Note: When specifying INTERVAL, remember that date literals and strings must be enclosed in single quotation marks. Also, the value of INTERVAL must be enclosed in single quotation marks.

The INTERVAL date function is evaluated immediately before a job is executed. When the job completes successfully, the date calculated from INTERVAL becomes the new NEXT_DATE. For example, if you set the execution interval to 'SYSDATE + 7' on Monday, but for some reason, (such as a network failure), the job is not executed until Thursday, 'SYSDATE + 7' then executes every Thursday, not Monday.

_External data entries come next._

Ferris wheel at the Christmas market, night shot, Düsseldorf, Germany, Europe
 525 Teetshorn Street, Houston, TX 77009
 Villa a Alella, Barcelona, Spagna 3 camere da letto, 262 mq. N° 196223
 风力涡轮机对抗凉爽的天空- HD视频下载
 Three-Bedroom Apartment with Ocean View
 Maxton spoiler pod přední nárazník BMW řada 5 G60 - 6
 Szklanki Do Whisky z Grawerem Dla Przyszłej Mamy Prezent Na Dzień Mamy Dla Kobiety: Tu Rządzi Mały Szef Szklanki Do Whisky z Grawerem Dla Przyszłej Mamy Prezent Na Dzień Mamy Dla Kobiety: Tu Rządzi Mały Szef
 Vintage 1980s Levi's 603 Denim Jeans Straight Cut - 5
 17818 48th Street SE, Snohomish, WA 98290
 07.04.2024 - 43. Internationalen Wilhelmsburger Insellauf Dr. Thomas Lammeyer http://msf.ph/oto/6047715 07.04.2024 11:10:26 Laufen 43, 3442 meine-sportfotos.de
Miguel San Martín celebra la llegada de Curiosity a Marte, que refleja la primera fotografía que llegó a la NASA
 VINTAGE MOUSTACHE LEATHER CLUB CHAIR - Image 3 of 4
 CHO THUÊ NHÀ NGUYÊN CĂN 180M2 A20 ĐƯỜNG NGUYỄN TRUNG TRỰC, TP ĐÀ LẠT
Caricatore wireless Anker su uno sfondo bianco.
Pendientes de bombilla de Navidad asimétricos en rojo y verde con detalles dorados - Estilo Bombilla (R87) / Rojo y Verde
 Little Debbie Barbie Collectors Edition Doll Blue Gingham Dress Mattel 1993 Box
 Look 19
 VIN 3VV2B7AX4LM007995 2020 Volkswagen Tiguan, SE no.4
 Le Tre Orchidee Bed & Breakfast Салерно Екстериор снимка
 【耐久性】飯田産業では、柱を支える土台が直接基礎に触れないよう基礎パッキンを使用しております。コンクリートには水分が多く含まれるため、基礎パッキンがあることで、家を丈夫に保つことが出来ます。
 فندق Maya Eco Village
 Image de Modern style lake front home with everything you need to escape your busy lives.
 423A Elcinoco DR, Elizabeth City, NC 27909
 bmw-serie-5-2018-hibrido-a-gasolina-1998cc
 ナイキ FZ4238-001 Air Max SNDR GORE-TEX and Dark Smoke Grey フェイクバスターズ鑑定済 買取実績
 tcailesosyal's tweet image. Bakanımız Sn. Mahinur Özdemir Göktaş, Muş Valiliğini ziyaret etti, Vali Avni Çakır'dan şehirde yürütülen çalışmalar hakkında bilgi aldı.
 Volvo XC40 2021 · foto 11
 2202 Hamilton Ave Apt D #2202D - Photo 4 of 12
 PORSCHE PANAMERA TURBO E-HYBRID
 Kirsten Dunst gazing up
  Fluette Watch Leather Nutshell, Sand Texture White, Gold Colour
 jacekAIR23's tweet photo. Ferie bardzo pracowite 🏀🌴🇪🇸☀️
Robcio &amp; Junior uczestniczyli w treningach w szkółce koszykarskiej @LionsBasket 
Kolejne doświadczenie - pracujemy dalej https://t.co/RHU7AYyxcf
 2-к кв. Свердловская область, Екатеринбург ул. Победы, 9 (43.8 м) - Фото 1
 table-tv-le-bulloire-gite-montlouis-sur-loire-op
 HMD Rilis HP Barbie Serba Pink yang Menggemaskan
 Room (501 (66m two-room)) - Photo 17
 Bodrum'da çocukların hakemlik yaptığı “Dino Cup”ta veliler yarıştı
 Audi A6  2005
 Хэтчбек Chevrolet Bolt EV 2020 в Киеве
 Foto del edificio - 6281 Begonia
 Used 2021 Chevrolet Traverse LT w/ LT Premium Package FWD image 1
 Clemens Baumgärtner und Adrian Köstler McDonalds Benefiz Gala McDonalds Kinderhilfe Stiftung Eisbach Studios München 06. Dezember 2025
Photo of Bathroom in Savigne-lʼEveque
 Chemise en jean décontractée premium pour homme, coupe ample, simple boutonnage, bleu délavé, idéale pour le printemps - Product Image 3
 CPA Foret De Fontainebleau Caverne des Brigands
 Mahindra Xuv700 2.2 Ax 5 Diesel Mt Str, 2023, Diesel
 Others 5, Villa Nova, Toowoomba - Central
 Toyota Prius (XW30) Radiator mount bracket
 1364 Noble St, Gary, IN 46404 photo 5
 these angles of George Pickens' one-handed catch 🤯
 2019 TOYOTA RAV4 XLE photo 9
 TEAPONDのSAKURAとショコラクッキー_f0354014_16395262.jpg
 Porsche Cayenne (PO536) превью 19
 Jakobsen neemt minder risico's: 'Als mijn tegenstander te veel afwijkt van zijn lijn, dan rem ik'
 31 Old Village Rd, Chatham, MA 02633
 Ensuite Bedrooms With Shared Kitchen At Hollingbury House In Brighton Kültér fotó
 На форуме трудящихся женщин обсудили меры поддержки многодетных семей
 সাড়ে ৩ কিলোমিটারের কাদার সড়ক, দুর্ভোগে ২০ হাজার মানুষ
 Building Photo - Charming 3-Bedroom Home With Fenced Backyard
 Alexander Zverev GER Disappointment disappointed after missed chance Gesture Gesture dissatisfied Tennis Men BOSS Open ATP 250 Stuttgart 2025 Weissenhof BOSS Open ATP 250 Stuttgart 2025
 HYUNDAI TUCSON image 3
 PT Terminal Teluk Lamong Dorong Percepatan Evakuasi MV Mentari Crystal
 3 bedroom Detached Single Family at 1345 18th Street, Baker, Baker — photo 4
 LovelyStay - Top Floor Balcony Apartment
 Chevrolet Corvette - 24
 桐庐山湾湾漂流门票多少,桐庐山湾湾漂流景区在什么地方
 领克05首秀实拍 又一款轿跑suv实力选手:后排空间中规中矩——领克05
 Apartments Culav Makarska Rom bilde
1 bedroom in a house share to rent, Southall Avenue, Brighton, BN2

If the INTERVAL date function evaluates to NULL and the job completes successfully, the job is deleted from the queue.

If you always want to automatically execute a job at a specific time, regardless of the last execution, (for example, every Monday), the INTERVAL and NEXT_DATE parameters should specify a date expression similar to 'NEXT_DAY(TRUNC(SYSDATE), "MONDAY")'.